In one of his great answers, Martin gave us the calculated molecular orbitals for carbon monoxide I am copying below. Note that while cyanide has a nitrogen atom in place of the oxygen and features a single negative charge, we can still qualitatively consider the MO schemes identical; thus I will base my discussion on what you see in the image.
In this scheme, the HOMO is referred to as MO number 7; since 5 and 6 are π-type MOs, this corresponds to the 5σ you mentioned.

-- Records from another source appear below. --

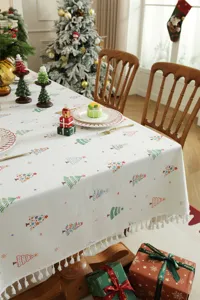 Mantel rectangular con flecos estampado con árbol de Navidad decoración mesa de fiesta tela.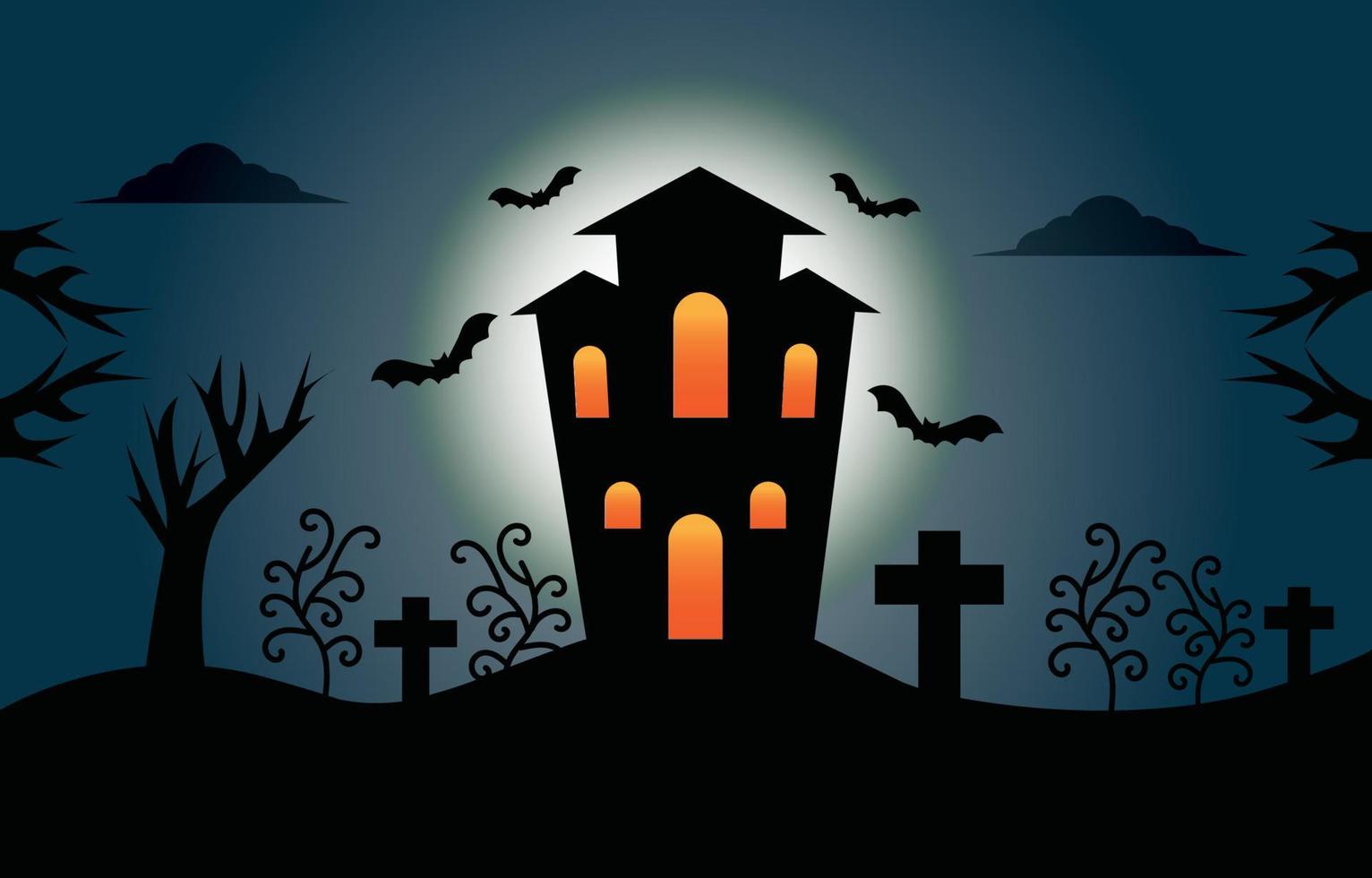 Halloween horror illustration vector background design
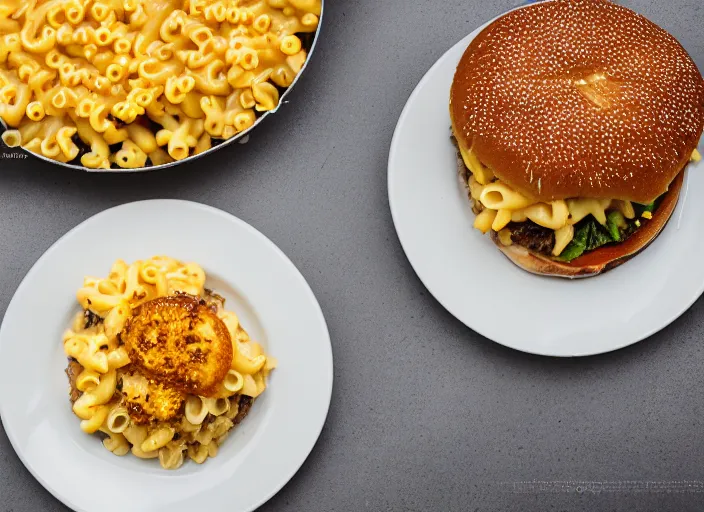 Prompt: dslr food photograph of hamburger over macaroni and cheese, 4 k award winning 8 5 mm f 1. 8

One thing we immediately note is that the carbon-centred lobe of the HOMO is very diffuse and extends far into space; much farther than any other orbital of the molecule. It is also the orbital that an acid (either proton or Lewis acid) would bond to. In Pearson’s HSAB theory, large and diffuse orbitals — often also called polarisable — are associated with soft acids or bases, as the charge per volume value is considered comparatively low. Therefore, just by looking at the size of this orbital, we can identify it as a ‘soft’ one.
It should also be explained why soft bases tend to create more stable complexes with soft acids. This is a direct consequence of the more diffuse nature of the orbital: the overlap between two orbitals (which will later form a bond) is typically best if the orbitals have similar shapes and sizes. Thus, because the HOMO has a rather diffuse lobe on carbon’s side it will prefer binding to other compounds with rather diffuse orbitals in a Lewis acid-base reaction.
That should be all that is required to explain cyanide’s behaviour under Pearson’s theory.